Muslims were also left reeling after a Glasgow shopkeeper called Asad Shah, who moved to Scotland from Pakistan 20 years ago, was murdered in 2016 by an English Muslim man after the former posted a celebratory message about the Easter holidays on Facebook.
“Thankfully Scotland and the Scottish people have always been in a different position and we just get on with things," said the member of the Glasgow Islamic center, adding that violent hate crimes are very rare. "They [Scottish people] seem to be more intelligent and thoughtful as to what’s happening and who is responsible for it."
But he did sound a note of caution about the dangers faced by Muslim women, who he said appeared more likely to be “soft targets” partly due to their clothes.
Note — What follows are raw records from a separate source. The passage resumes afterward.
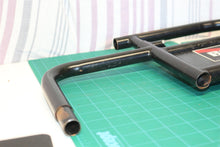 pair of arm rest brackets with hip pads for a 21st Century Scientific Inc Bounde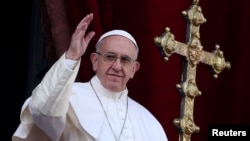 Paus Fransiskus melambai kepada umat setelah menyampaikan pesan "Urbi et Orbi" (kepada kota (Vatikan) dan seluruh dunia) dari balkon yang menghadap Lapangan Santo Petrus di Vatikan, 25 Desember 2016. 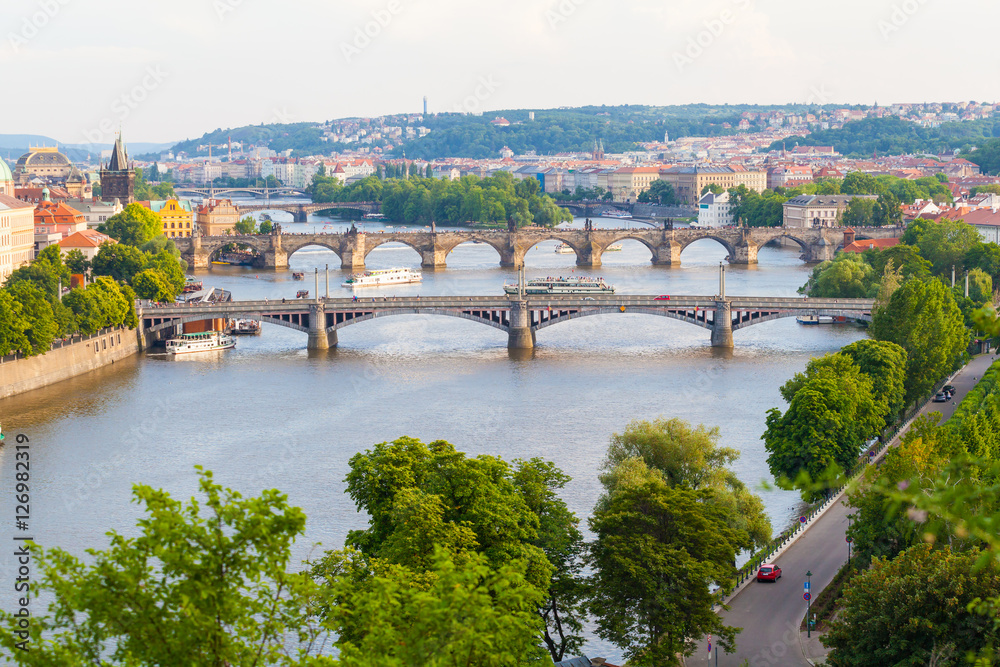Panorama of the old part of Prague from the Letna park. Beautiful view on the bridges over the river Vltava at sunset. Old Town architecture, Czech Republic.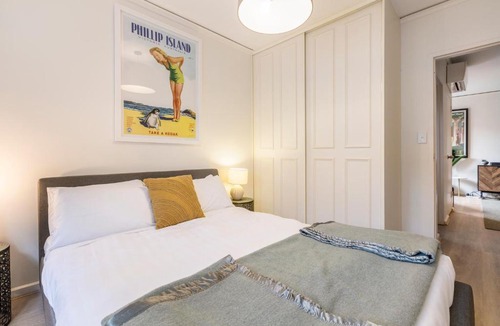 Prahran Apartment | Urban Retro - Experience Vibrant Courtyard Charm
While the Council on American-Islamic Relations has reported an increase in hate crimes against Muslims in the US, incidents of race crimes in Scotland are still relatively uncommon.
Police Scotland reported there were more than 60 hate crimes against Muslims in the weeks after the Paris terrorist attacks in November, however.
Professor Görke added that there are “so many misinterpretations of Islam” which could be fueling fear and hate.
“There are perceptions of Islam being something of a set of rules rather than being very diverse in itself, that is something I encounter,” he said. “People are uncomfortable with not knowing enough [about Islam].”